DECLARE @databasename VARCHAR(500) 
DECLARE @i INT=0 
DECLARE @DBCOunt INT 
DECLARE @SQLCOmmand NVARCHAR(max) 
DECLARE @StatsUpdateCOmmand NVARCHAR(max) 

CREATE TABLE #tempstatistics 
  ( 
     databasename VARCHAR(max), 
     tablename    VARCHAR(max), 
     schemaname   VARCHAR(max) 
  ) 

CREATE TABLE #tempdatabases 
  ( 
     databasename VARCHAR(max) 
  ) 

INSERT INTO #tempdatabases 
            (databasename) 
SELECT NAME 
FROM   sys.databases 
WHERE  database_id > 4 
ORDER  BY NAME

Next, write a while loop to create a dynamic SQL query that iterates through all the databases and inserts a list of tables that have a modification counter greater than 200 into the #tempstatistics table. To obtain information about data changes, I use sys.dm_db_stats_properties. Study the following code example:

SET @DBCOunt=(SELECT Count(*) 
                    FROM   #tempdatabases) 
      WHILE ( @i < @DBCOunt ) 
        BEGIN 
            DECLARE @DBName VARCHAR(max) 
            SET @DBName=(SELECT TOP 1 databasename 
                         FROM   #tempdatabases) 
            SET @SQLCOmmand= '     use [' + @DBName + '];     select 
distinct ''' + @DBName+ ''', a.TableName,a.SchemaName from (SELECT obj.name as TableName, b.name as SchemaName,obj.object_id, stat.name, stat.stats_id, last_updated, modification_counter       FROM [' + @DBName+ '].sys.objects AS obj     inner join ['+ @DBName + '].sys.schemas b on obj.schema_id=b.schema_id   INNER JOIN [' + @DBName+ '].sys.stats AS stat ON stat.object_id = obj.object_id    CROSS APPLY [' + @DBName+'].sys.dm_db_stats_properties(stat.object_id, stat.stats_id) AS sp WHERE modification_counter > 200 and obj.name not like ''sys%''and b.name not like 
''sys%'')a' 
    INSERT INTO #tempstatistics 
                (databasename, 
                 tablename, 
                 schemaname) 
    EXEC Sp_executesql 
      @SQLCOmmand

Now, create the second loop within the first loop. It will generate a dynamic SQL Query that updates the statistics with full scan. See the code example below:

DECLARE @j INT=0 
    DECLARE @StatCount INT 

    SET @StatCount =(SELECT Count(*) 
                     FROM   #tempstatistics) 

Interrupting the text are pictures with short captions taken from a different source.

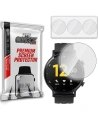 GrizzGlass HybridGlass pentru Realme Watch S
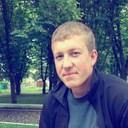 ���������� �����, ���� ������� ������, 35 ���, ������������ ��� ����� � ���������, c�������� ���������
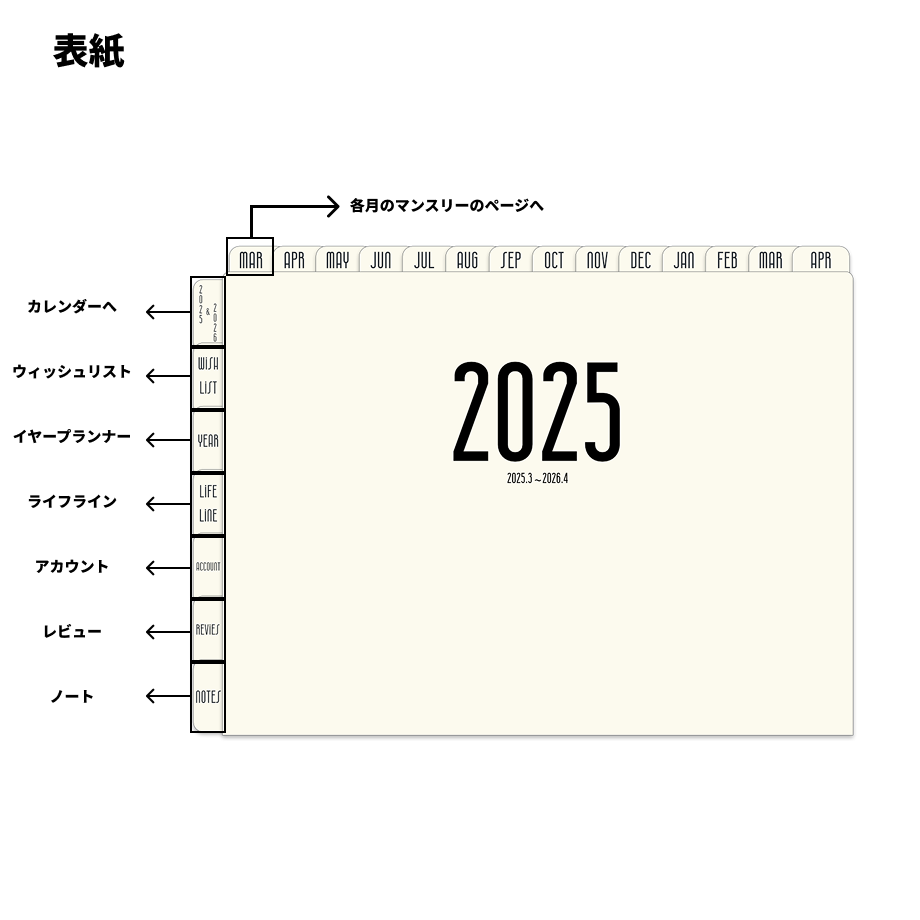 67b879513c173d0be0cfb0f8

    WHILE @J < @StatCount 
      BEGIN 
          DECLARE @DatabaseName_Stats VARCHAR(max) 
          DECLARE @Table_Stats VARCHAR(max) 
          DECLARE @Schema_Stats VARCHAR(max) 
          DECLARE @StatUpdateCommand NVARCHAR(max) 

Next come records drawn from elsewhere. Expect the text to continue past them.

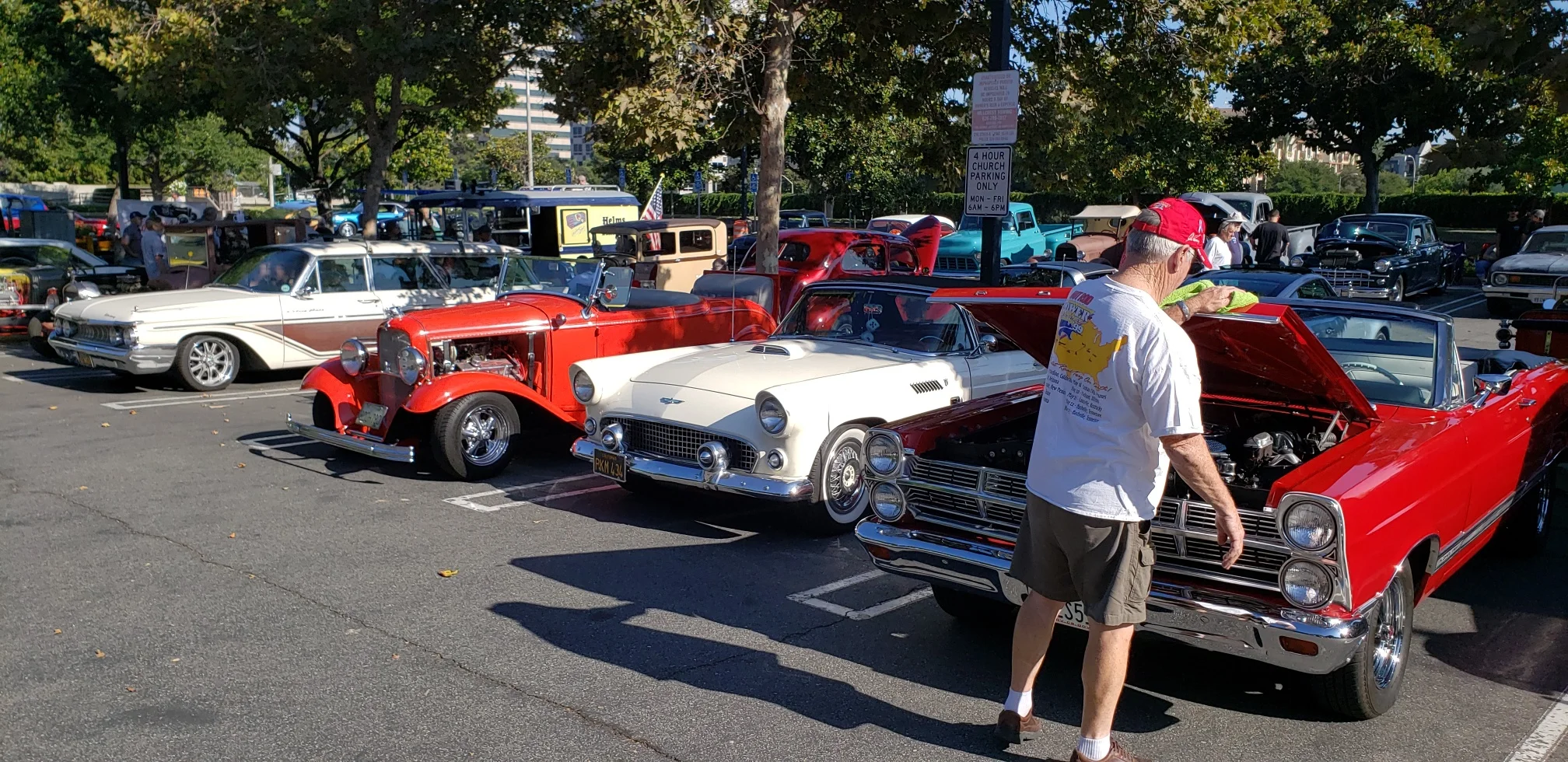 20190823_164907_resized.jpg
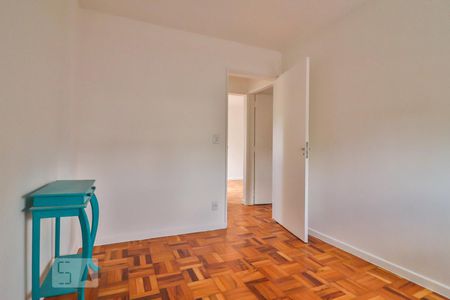 Apartamento para alugar com 2 quartos, 64m² em Vila Madalena, São Paulo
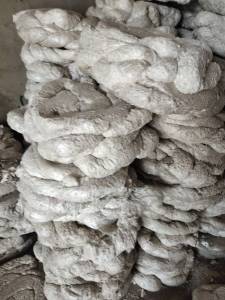 EPS热熔块长期出售， 现货10吨 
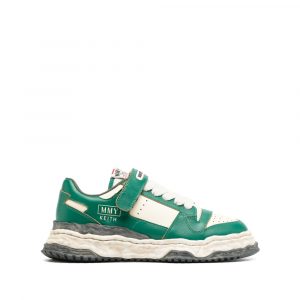 Trainers Maison Mihara Yasuhiro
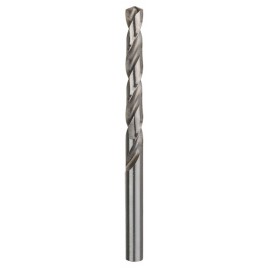 BOSCH Wiertła do metalu HSS-G, DIN 338, 7,5 x 69 x 109 mm 2608585930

          SET @DatabaseName_Stats=(SELECT TOP 1 databasename 
                                   FROM   #tempstatistics) 
          SET @Table_Stats=(SELECT TOP 1 tablename 
                            FROM   #tempstatistics) 
          SET @Schema_Stats=(SELECT TOP 1 schemaname 
                             FROM   #tempstatistics) 
          SET @StatUpdateCommand='Update Statistics [' + @DatabaseName_Stats 
                                 + '].[' + @Schema_Stats + '].[' + @Table_Stats 
                                 + '] with fullscan' 
          EXEC Sp_executesql 
            @StatUpdateCommand 
          SET @j=@j + 1 
          DELETE FROM #tempstatistics 
          WHERE  databasename = @DatabaseName_Stats 
                 AND tablename = @Table_Stats 
                 AND schemaname = @Schema_Stats 
      END 
    SET @I=@i + 1 
    DELETE FROM #tempdatabases 
    WHERE  databasename = @DBName 
END

Once the script execution completed, it will drop all temporary tables.

SELECT * 
    FROM   #tempstatistics 
    DROP TABLE #tempdatabases 
    DROP TABLE #tempstatistics

The entire script will appear as follows:

--set count on     
CREATE PROCEDURE Statistics_maintenance 
AS 
  BEGIN 
      DECLARE @databasename VARCHAR(500) 
      DECLARE @i INT=0 
      DECLARE @DBCOunt INT 
      DECLARE @SQLCOmmand NVARCHAR(max) 
      DECLARE @StatsUpdateCOmmand NVARCHAR(max) 
      CREATE TABLE #tempstatistics 
        ( 
           databasename VARCHAR(max), 
           tablename    VARCHAR(max), 
           schemaname   VARCHAR(max) 
        ) 
      CREATE TABLE #tempdatabases 
        ( 
           databasename VARCHAR(max) 
        ) 
      INSERT INTO #tempdatabases 
                  (databasename) 
      SELECT NAME 
      FROM   sys.databases 
      WHERE  database_id > 4  
      ORDER  BY NAME 
      SET @DBCOunt=(SELECT Count(*) 
                    FROM   #tempdatabases) 
      WHILE ( @i < @DBCOunt ) 
        BEGIN 
            DECLARE @DBName VARCHAR(max) 
            SET @DBName=(SELECT TOP 1 databasename 
                         FROM   #tempdatabases) 
            SET @SQLCOmmand= '     use [' + @DBName + '];     select 
distinct ''' + @DBName+ ''', a.TableName,a.SchemaName from (SELECT obj.name as TableName, b.name as SchemaName,obj.object_id, stat.name, stat.stats_id, last_updated, modification_counter       FROM [' + @DBName+ '].sys.objects AS obj     inner join ['+ @DBName + '].sys.schemas b on obj.schema_id=b.schema_id   INNER JOIN [' + @DBName+ '].sys.stats AS stat ON stat.object_id = obj.object_id    CROSS APPLY [' + @DBName+'].sys.dm_db_stats_properties(stat.object_id, stat.stats_id) AS sp WHERE modification_counter > 200 and obj.name not like ''sys%''and b.name not like 
''sys%'')a' 
    INSERT INTO #tempstatistics 
                (databasename, 
                 tablename, 
                 schemaname) 
    EXEC Sp_executesql 
      @SQLCOmmand 

    DECLARE @j INT=0 
    DECLARE @StatCount INT 

    SET @StatCount =(SELECT Count(*) 
                     FROM   #tempstatistics) 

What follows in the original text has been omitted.